A useful mental model is: A reward model is a judge trained from examples. It can be helpful and consistent, but it can also be fooled, biased, or overconfident outside the cases it learned from.
Use this lens when:
- Best fit: reasoning about why alignment pipelines need both preference optimization and strong evaluation loops.
- Misuse pattern: believing that a reward model "solves alignment" once trained.
Troubleshooting
Issue: "Why not skip reward modeling and just collect better supervised answers?"
Why it happens / is confusing: Supervised fine-tuning already improves behavior, so it can seem like another layer is unnecessary.
Clarification / Fix: Supervised targets teach what to do. Reward modeling helps rank among many acceptable answers when quality depends on nuanced preference rather than one canonical response.
Issue: "If humans preferred it, why would optimizing the reward model make things worse?"
Why it happens / is confusing: It is easy to conflate human preference labels with the reward model trained from them.
Clarification / Fix: The reward model is only a learned proxy. Once optimization pushes the policy into new regions, it may exploit weaknesses in that proxy rather than preserve the original human intent.
Issue: "A higher reward score means the answer is truly better."

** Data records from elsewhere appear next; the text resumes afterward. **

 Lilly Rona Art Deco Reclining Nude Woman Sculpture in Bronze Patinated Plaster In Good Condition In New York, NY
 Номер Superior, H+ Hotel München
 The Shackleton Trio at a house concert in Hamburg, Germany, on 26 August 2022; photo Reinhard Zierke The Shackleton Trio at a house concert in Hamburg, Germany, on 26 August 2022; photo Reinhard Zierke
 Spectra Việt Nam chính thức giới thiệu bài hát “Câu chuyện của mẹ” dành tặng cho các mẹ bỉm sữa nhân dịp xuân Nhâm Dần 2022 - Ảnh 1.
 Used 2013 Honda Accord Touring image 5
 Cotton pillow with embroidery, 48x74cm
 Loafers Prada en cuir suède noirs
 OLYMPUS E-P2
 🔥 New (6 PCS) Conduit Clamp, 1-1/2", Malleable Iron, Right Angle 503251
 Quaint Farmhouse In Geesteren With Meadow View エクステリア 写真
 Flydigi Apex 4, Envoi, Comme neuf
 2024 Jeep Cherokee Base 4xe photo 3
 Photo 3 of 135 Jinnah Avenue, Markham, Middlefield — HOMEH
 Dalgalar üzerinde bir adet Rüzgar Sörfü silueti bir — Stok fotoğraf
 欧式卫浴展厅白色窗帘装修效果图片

Why it happens / is confusing: Scalar scores look authoritative.
Clarification / Fix: Treat reward as a model output about preference likelihood, not as an objective measure of truth or quality. It needs external evaluation and product judgment around it.
Advanced Connections
Connection 1: Reward Modeling <-> PPO and RLHF
This lesson is the conceptual prerequisite for 20/10.md. PPO-style RLHF uses the reward model as the optimization target for policy updates.
Connection 2: Reward Modeling <-> DPO
The next contrast with 20/11.md is important: DPO keeps the preference objective, but tries to avoid explicit reward-model-plus-RL complexity.
Resources
Optional Deepening Resources
-
[PAPER] Learning to summarize from human feedback
- Focus: A foundational example of preference modeling and RLHF-style training for summarization.
-
[PAPER] Training language models to follow instructions with human feedback
- Focus: A practical end-to-end pipeline where reward modeling sits between instruction tuning and RL optimization.
-
[PAPER] Deep Reinforcement Learning from Human Preferences
- Focus: A broader precursor for learning reward proxies from human comparisons.
-
[DOC] TRL Documentation
- Focus: Practical tooling around reward modeling, preference data, and alignment workflows.
Key Insights
- Reward modeling turns pairwise human preferences into a trainable scoring proxy - it lets later optimization target something closer to what people prefer than plain supervised labels.
- The reward model is a critic, not the final objective itself - it learns to rank outputs, not to encode perfect human values.
- Its power and its risk come from the same fact - once a proxy can be optimized, it can also be exploited.